In this short but informative read, we’re going to explain to you what replacement cost means in home insurance. We’re also going to compare it to actual cash value (ACV), so you can decide which one you ought to choose when you insure your home.
Understanding a replacement cost policy
Let’s begin with an example. Personal property coverage is when your home will pay for repairs or replacement of your personal belongings. This applies if they are damaged by a covered risk, such as a fire, or stolen from you.
Let us assume for the sake of explanation that your home’s television was stolen from your living room. If you have a replacement cost policy, the policy replacement cost coverage, allows you to purchase the same television or one of similar quality and cost.
A replacement cost policy will not calculate any depreciation while reimbursing you for stolen or damaged property. In fact, if the cost of the property being replaced has increased since the time it was originally bought, the difference in cost will also be covered.
How does that differ from an actual cash value policy?
An actual cash value policy will also reimburse to repair or replace property, but not the amount you spent to acquire the property. ACL policies calculate depreciation on the property in question. This means you will receive less than the original value of the property.
Always keep a detailed inventory of appliances you have in your home, and stay updated with what it will cost you to replace them. This will make processing your personal property replacement cost claim easier.
Will a replacement cost policy pay my home’s replacement cost?
A part of most homeowners insurance policies is what is called dwelling coverage. Dwelling coverage ensures you get paid the cost of rebuilding your home. If you are using similar materials and if it is damaged due to a covered risk. This includes the basic structure of your home.
For example, if your kitchen is damaged by a fire, then the policy will pay for you to refurbish your kitchen, including cabinets, using the same or similar materials as before. If your entire home is damaged, it will cover the cost to rebuild your home with similar materials as what existed. All of this without generally taking into account factors such as depreciation due to age.
So you live in an older home that used construction materials that are not currently in use. And it has lead pipes or plaster walls, for example. In this case, it would be advisable for you to choose modified replacement cost coverage. That way, the construction costs of rebuilding your home using alternative materials more commonly used today will be covered.
There are two other endorsements of replacement cost policies that you need to be aware of.
Let’s assume your home gets damaged in a fire. The cost of your home being rebuilt is estimated at $400,000, considering current material rates. If your replacement cost policy is valued only at $350,000, the remaining $50,000 will need to be paid out of your pocket.
However, a guaranteed replacement cost coverage will ensure you get reimbursed for the difference in construction costs as well.
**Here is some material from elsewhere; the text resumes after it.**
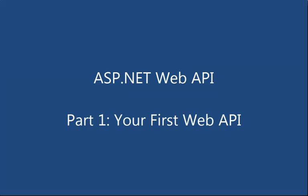Hi, this is John Galloway from Microsoft with a first look at the ASP.NET Web API. ASP.NET Web API is a framework for building HTTP services on top of the .NET framework, and it ships along with ASP.NET MVC4.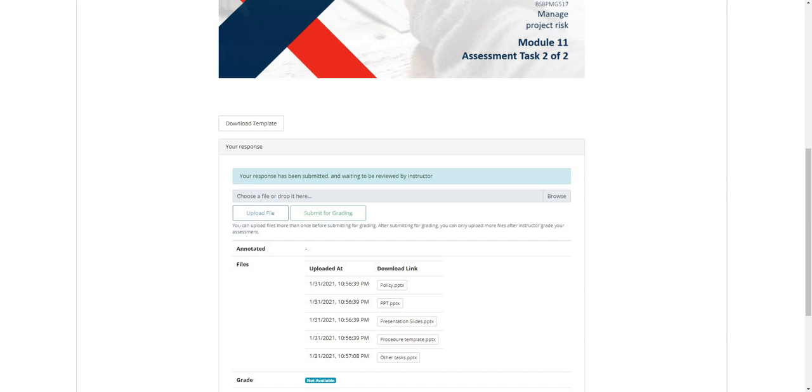If ever you encounter any errors while doing this process, kindly take a screenshot of the error message and please do not hesitate to send an email to ptgonline at pacifictraining.edu.au so we could send a solution and address your concern.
An extended replacement cost coverage is similar to a guaranteed replacement cost policy but differs in one aspect. An extended replacement cost policy will fix a limit above the coverage limit of the policy as a buffer to pay for an increase in rebuilding costs.
This coverage limit is normally between 25% and 30% of the coverage limit of the policy. Let us consider our previous example. If the cost of rebuilding your home is $350,000, while your policy covers only $300,000. A buffer of 25% would more than cover the difference in cost.
Keep in mind though, that choosing any of these extra endorsements is likely to increase your annual premium by a fair amount.
Read more: Why did my home insurance go up
Always keep a record of any modifications, home renovations, and remodels you have made on your home. It is likely to affect how much your home insurance is valued. It will help you keep your policy updated with current construction costs.
Always remember that if your property suffers a covered loss, you will need to pay your home insurance company a deductible before your insurance coverage pays for expenses. This is regardless of the type of coverage you choose.